For my final project I explored simulating ocean's effieciently using procedural motion and dynamic level of detail. Some key algorithms and techniques I implemented include: fractional brownian motion (FBM) wave sampling, dynamic mesh upsampling/downsampling, and cubemap reflections .
I explored several techniques for generating a realistic-looking ocean surface before landing on FBM. Some techniques that I considered included Gerstner waves and utilizing IFFT to transform wave spectra to the spatial domain for animating. I ended up choosing to use the nature of adding sine wave functions and FBM, as it provided good results and was not too complex to implement within the given time frame. To give an overview of the method, we can look at what superposition of sines really means.
The superposition of sines tells us that by adding multiple sine wave functions together, a new wave is produced, which holds the summation of each wave at that given point. This allows us to produce a complex displacement function by adding many wave samples with varying frequencies and amplitudes. This alone loses shape fast. If we take many, many samples with varying frequency and amplitudes in hopes of a realistic ocean, instead we get a chaotic mess as the waves have no limiting factor they approach.
Fractional Brownian Motion solves this issue by adding an external factor at each step. FBM does this by increasing the frequency and decreasing the amplitude by a set scaler at each step. This solves the issue by allowing finer and finer waves to be added at each step so that the amplitudes approach zero and don't cause chaotic mega waves.

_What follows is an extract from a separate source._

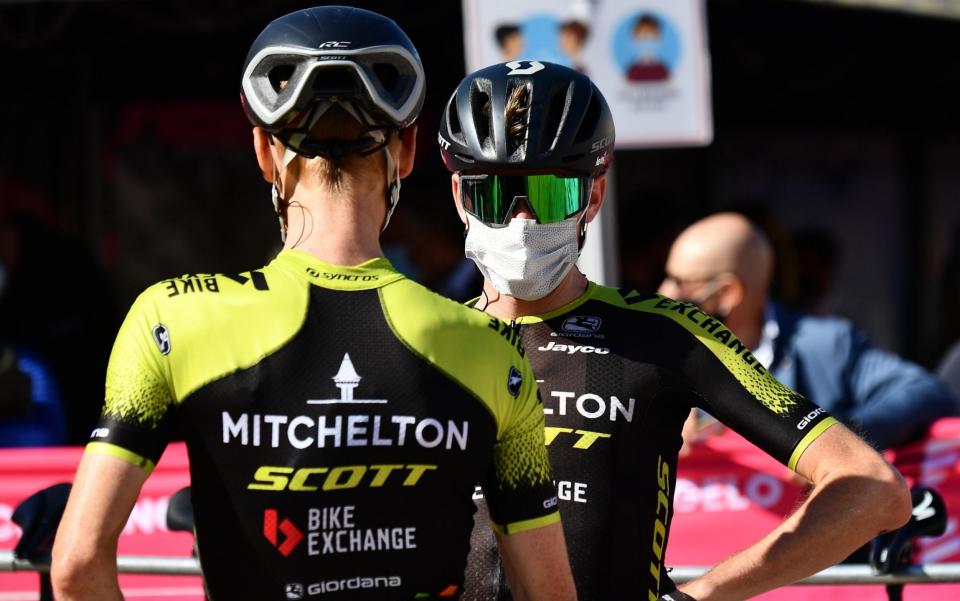 Riders of MTS Michelton-Scott prior to the 8th stage of the 2020 Giro d'Italia cycling race over 200km from Giovinazzo to Vieste (Gargano), Italy, 10 October 2020.  - LUCA ZENNARO/EPA-EFE/Shutterstock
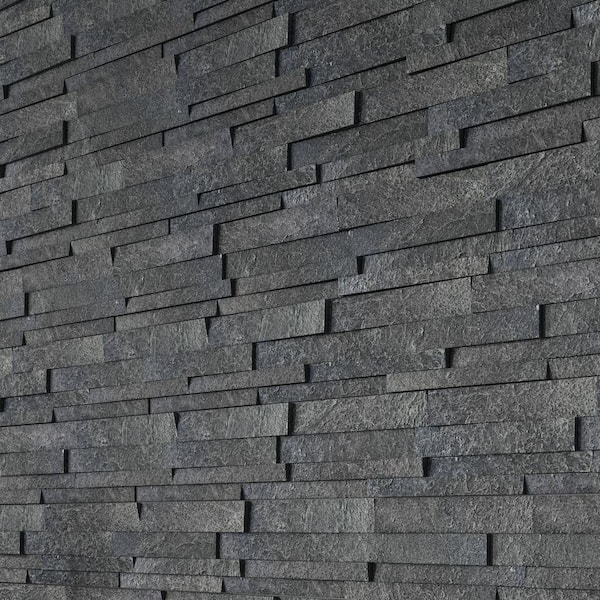 Linear Lines 6 in. x 12 in. Platinum Stone Split Face Quartzite Wall Tile (5.2sq.ft./case)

Dynamic level of detail was also added to the program to help with performance. Since each wave is being sampled around 64 times per vertex, this can add a lot of computation overhead on each draw call. With this in mind, I chose to explore the topic we discussed over the quarter relating to geometry manipulation via mesh upsampling and downsampling. This stage of the program was implemented using OpenGL's tessellation shader pipeline.
Tesselation shaders appear right after the geometry shader within the OpenGL rendering pipeline. They are an optional shader that allows us to perform subdivisions on the primitives generated after the vertex shader. There are three steps to this stage, two of which are programmable: Tesselation Control, Tesselation Primative Gen, and Tesselation Evaluation.
The tesselation control shader (TCS) is the first part of the process, this is where we determine how much tessellation to do. I utilized this shader to perform dynamic tesselation by interpolating between the camera-vertex distance for a tesselation level. This allowed for further patches to be simplified, and closer patches upsampled/subdivided.
After the intermediate points are generated, the tesselation evaluation shader (TES) evaluates these intermediate points to generate a new vertex point. It was within this shader that I sampled each newly created vertex and performed the FBM sum of sines process. Overall, with the dynamic LOD large ocean scenes could be rendered with wave sample counts of over 100 while not falling under 60fps.
For the water to be a little less strainous on the eyes I also added basic lighting techniques including cubemap reflections and fresnel. The cubemape based reflections work by sampling the reflected vector at each point from the camera onto the cubemap. This along with basic fresnel which makes things more reflective depending on the the angle of incidence helped sell the overall look of water. So as we get closer to the water and look down the horizon we get better water reflections and light shimmer.
With the many parameters that go into the wave sampling and calculations this also allowed for lots of stylistic control. With this capability, I was able to port the ocean to another scene pretty well.